TASK ITEM —
Your task is to copy the lines of the data below from the line holding "Best Seller tas" through the line holding "Tiffany Pear Shape", inclusive, exactly and with nothing added.

SOURCE DATA —
==========

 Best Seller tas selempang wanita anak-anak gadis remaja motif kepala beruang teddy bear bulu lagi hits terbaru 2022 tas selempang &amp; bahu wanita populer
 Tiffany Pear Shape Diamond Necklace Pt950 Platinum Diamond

==========

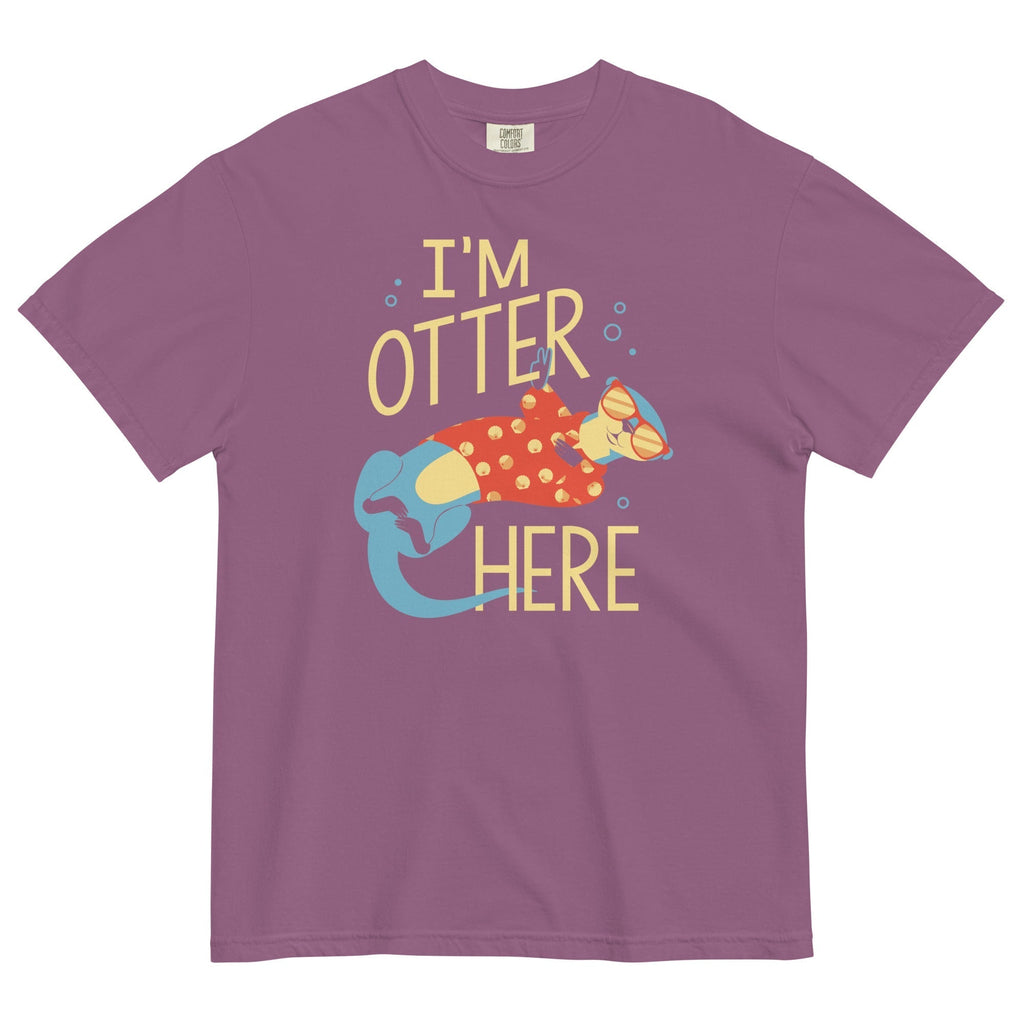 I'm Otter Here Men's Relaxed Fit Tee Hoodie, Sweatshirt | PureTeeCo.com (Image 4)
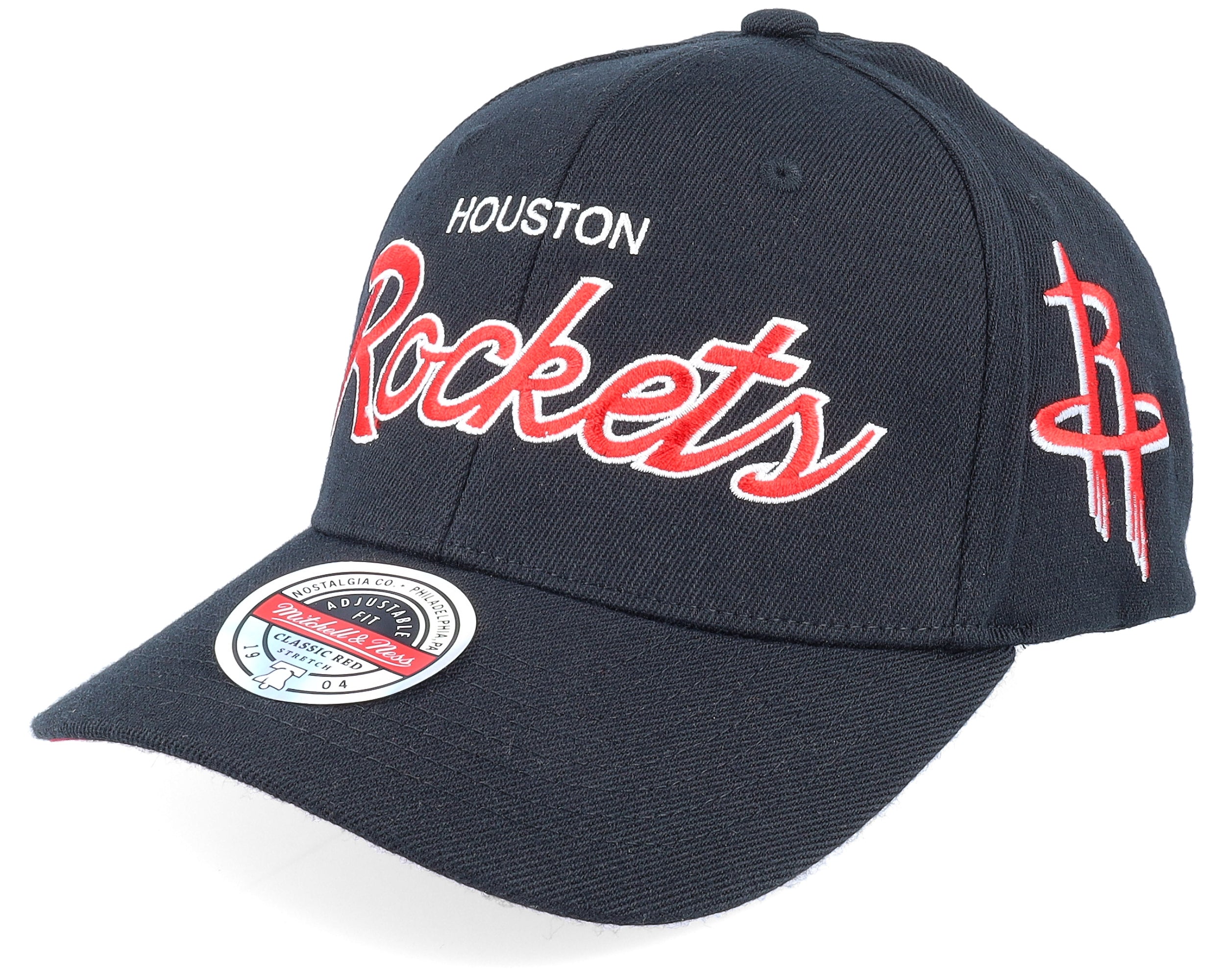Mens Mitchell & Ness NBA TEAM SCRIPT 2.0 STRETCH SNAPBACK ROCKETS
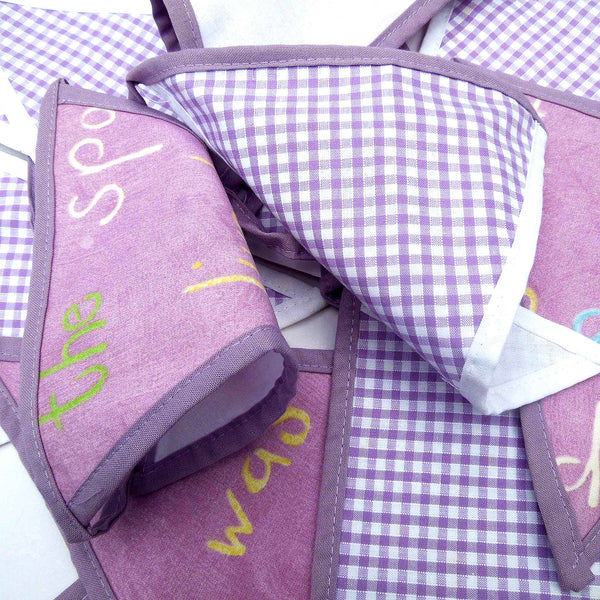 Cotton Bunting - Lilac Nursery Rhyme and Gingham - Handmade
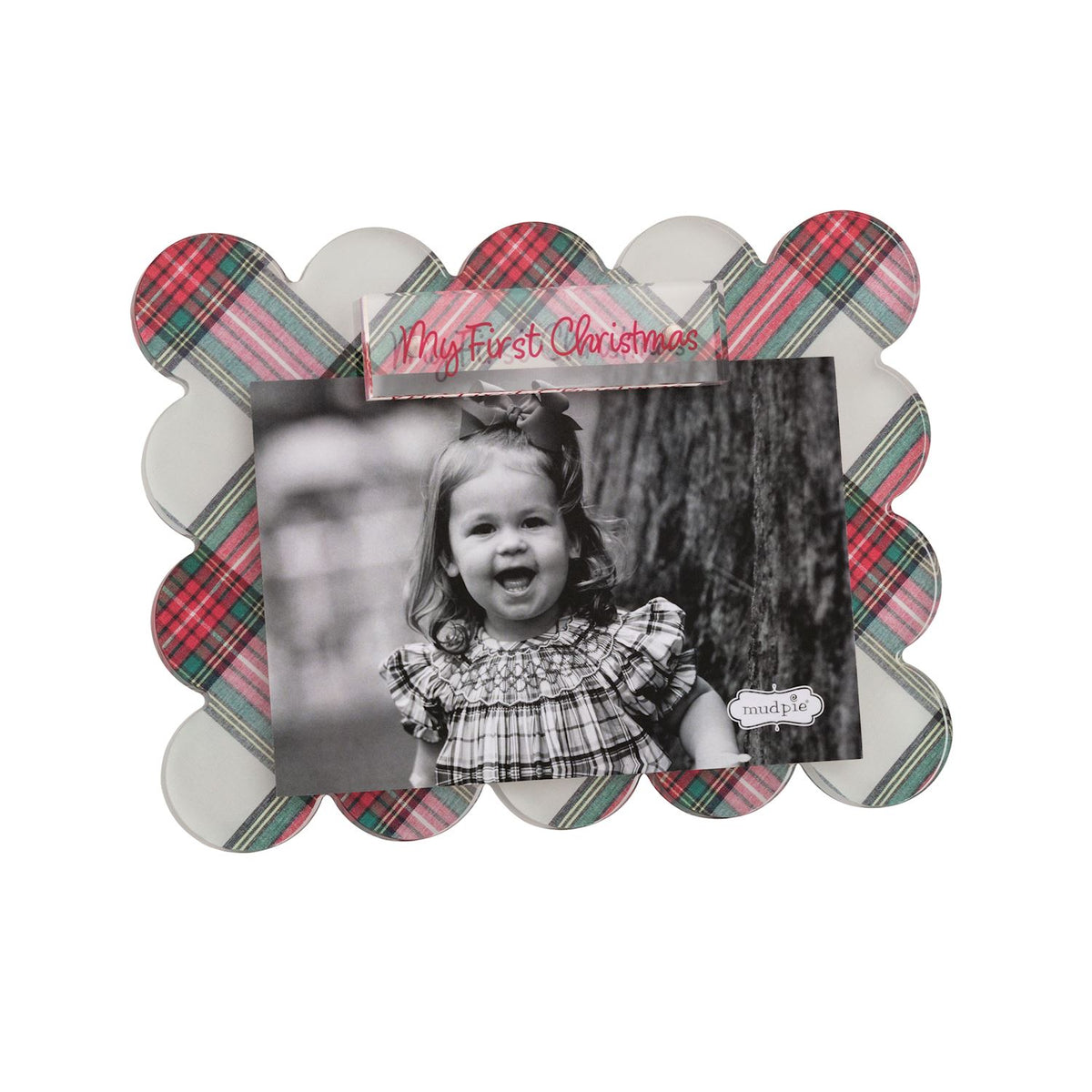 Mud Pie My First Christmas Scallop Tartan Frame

==========

RESULT OF THE TASK —
 Best Seller tas selempang wanita anak-anak gadis remaja motif kepala beruang teddy bear bulu lagi hits terbaru 2022 tas selempang &amp; bahu wanita populer
 Tiffany Pear Shape Diamond Necklace Pt950 Platinum Diamond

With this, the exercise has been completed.